╭──

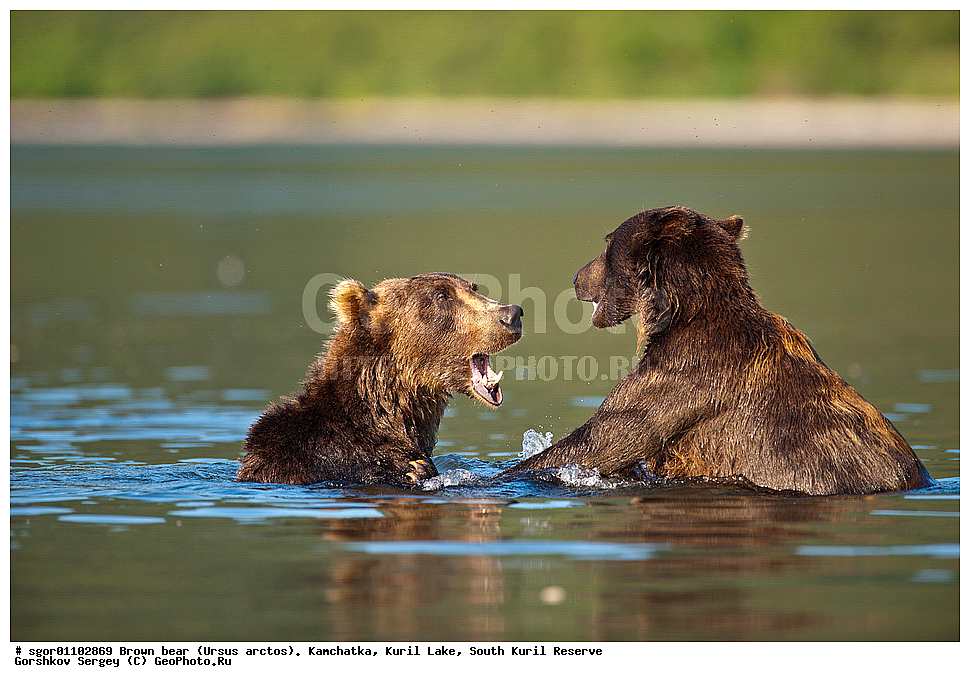 ����� �������, Ursus arctos,   ����� ���������� , ��������, ����-���������� ��������, �� ��������, ��������, ��������, �������������, �������������, �����, �����, �������, ������, XYZ, ��������, Ursidae, ������������ �������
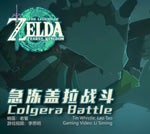 [Tin Whistle Cover] Colgera Battle Theme The Legend of Zelda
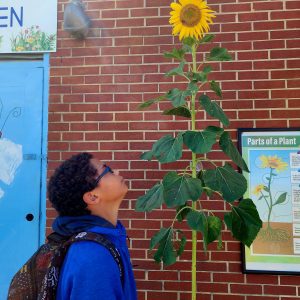 student with sunflowers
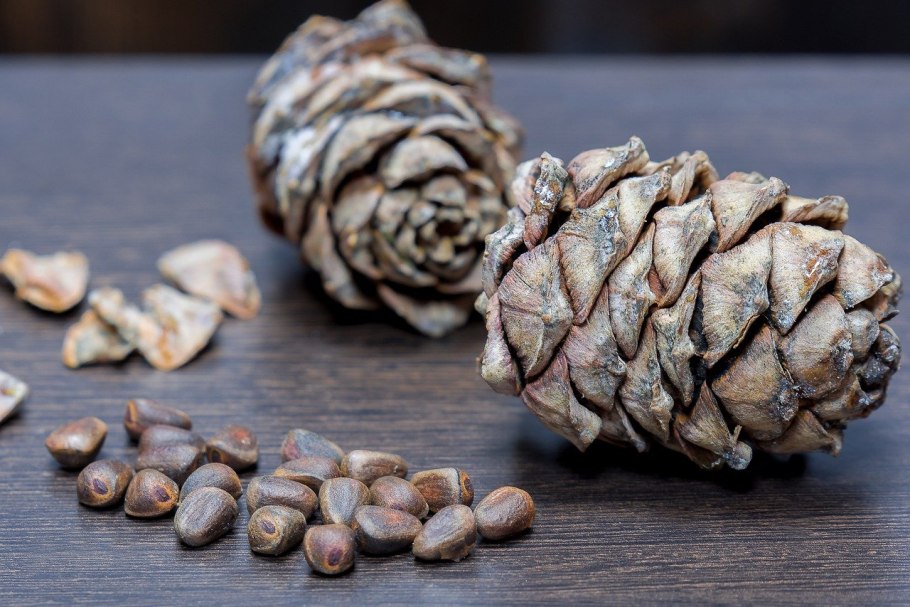 Семена сосны кедровой сибирской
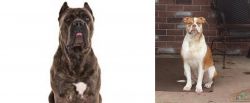 Cane Corso vs Alapaha Blue Blood Bulldog - Breed Comparison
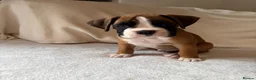 Boxer dogs for sale: *** 22 Championships between parents *** in Newbury - Advert 14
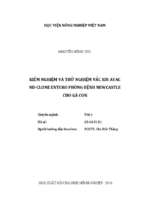 Kiểm nghiệm và thử nghiệm vắc xin avac nd clone entero phòng bệnh newcastle cho gà con  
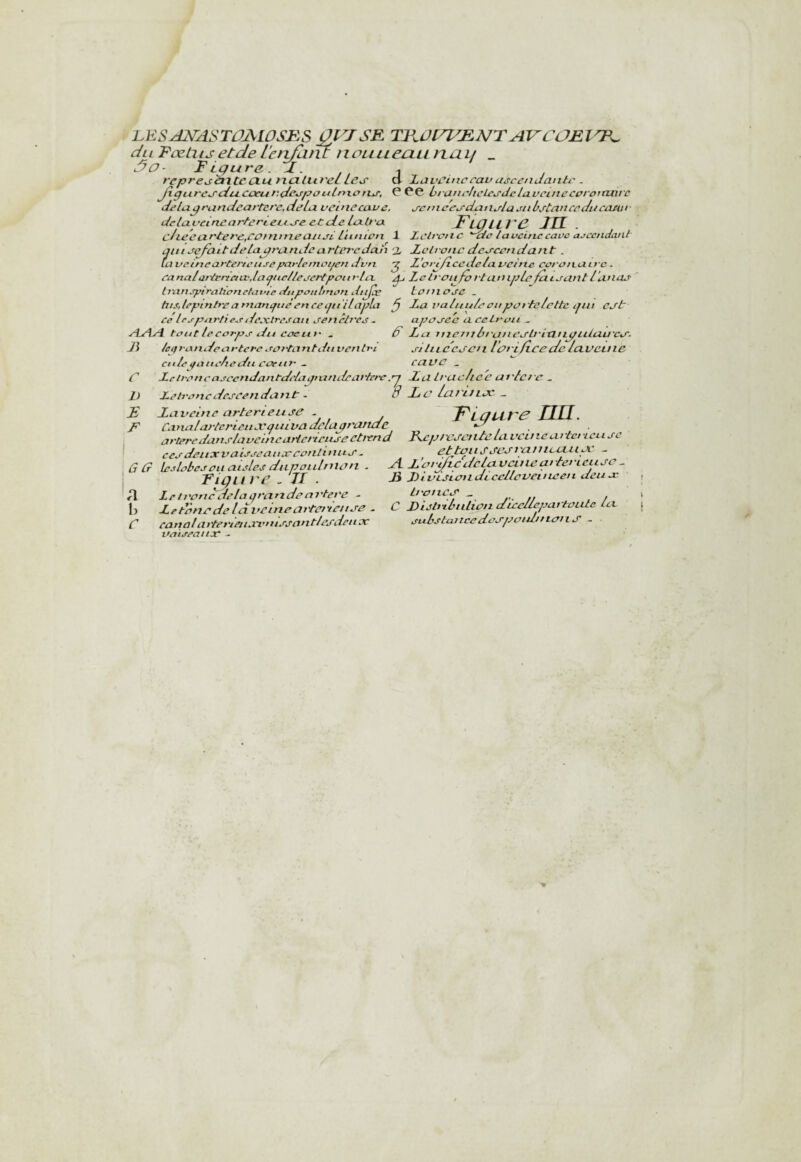 l.ESÆSrASTûALOSBS ÜVJSR TKûl^^£NTAVCOBllP^ diL Pœtiis et de le n/iifif nouLieeiLi nai/ _ S^O- Figure. F. ^ repre^axte (XutxaliLreL Le^ ci l,t3veinc eau a,^ccii Jante . JxgiLrcj'du.cceur.Jeapoulnx.on.j-, Ç PC Ln'aJirliclcj'Jclavcinecproiaxifc delà.^r'unJearter'c.delu veinecave. j-criic'ej'dLinalajiibj-tanceJiicaMf dclaueimarterieua-e ecde txb'a FlüII VC m. ciieeixeeef'C,COinnteaiiPL LiLutoti X Lclfpnc die lavcinccave ajccndant ait t refait Jeta grixnJû artereJah % Xchonc Jcvcenda/it . (aueineartenctise partcmcifcn J'vn ^ JL’ori/iccJcla.ucine cvvattuivc. canaldftpriatv.laptc/levcrtpaiiflLX ^ Leli'Oiilûi'tanLpLctcitCLintl’cuicu ' iTampiradenelainp cénpotttirtvn dttjce to'tiacc . titsjepinb'carnancfttûenceijti'ilapLi ^ La valtiuleettpcftelcttc ijiii cat ce Icppartieerilextrcjaii ceneteee. apaaec accLwit ^ ÆÆcl tant le corps lJu cae Lit' . F Lu me ni hfutics’b'iïUigiLiuu'co'. Ji leiiranJecirtet'esai'tantJitvenlt'i siliLCCJ’Ctl lûrificedeIciVCUiC cilletfaitelteJii eaettt' - caVC _ JLeit'oncascendantJclagitindeai'tet'e.rj Lu h'uelice at'lere _ JLeh'oncdeseendunt ~ 8 Fc Leu'ulx ^ Luueine urterieiise . TLüure nn. Canalai'tci'LCii'X'piiivadelugrufteie CP 1 ai'teredanslavcineartciiriipecti'cnd Fep/cjenleluveuieuttei icii jc I ceodeitxvaij'seatix'eenltntLJ' - , û ff Icjlobeseu ailles dupoithiiûn - I Tigiire.ll. A Leit'ûtjcdelaqmndenrtere - 1) LetenedeldveinearterteitJ-e - C canal artet'teiiarvnissantlesdcnx vaiseaitx - ettanSCCduntcLLiLu: - A. L’en-^cdcla velueat lecieuce - JS FlttLsieudLcellevetueeii deua- Lt'oucj' _ C Fijbilniliûu dïccllepartaute Icx SLibstcatcedeJ'poidtttcnis -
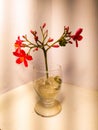 Flower vase with red petals Royalty Free Stock Photo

╰──

### TASK REQUIREMENTS
Using the listing above, repeat word for word each line from the one with "Семена сосны кедровой сибирской" down to the one with "Kiểm nghiệm và", both included. Omit all pictures.

### TASK OUTPUT
 Семена сосны кедровой сибирской
 Cane Corso vs Alapaha Blue Blood Bulldog - Breed Comparison
 Boxer dogs for sale: *** 22 Championships between parents *** in Newbury - Advert 14
 Kiểm nghiệm và thử nghiệm vắc xin avac nd clone entero phòng bệnh newcastle cho gà con  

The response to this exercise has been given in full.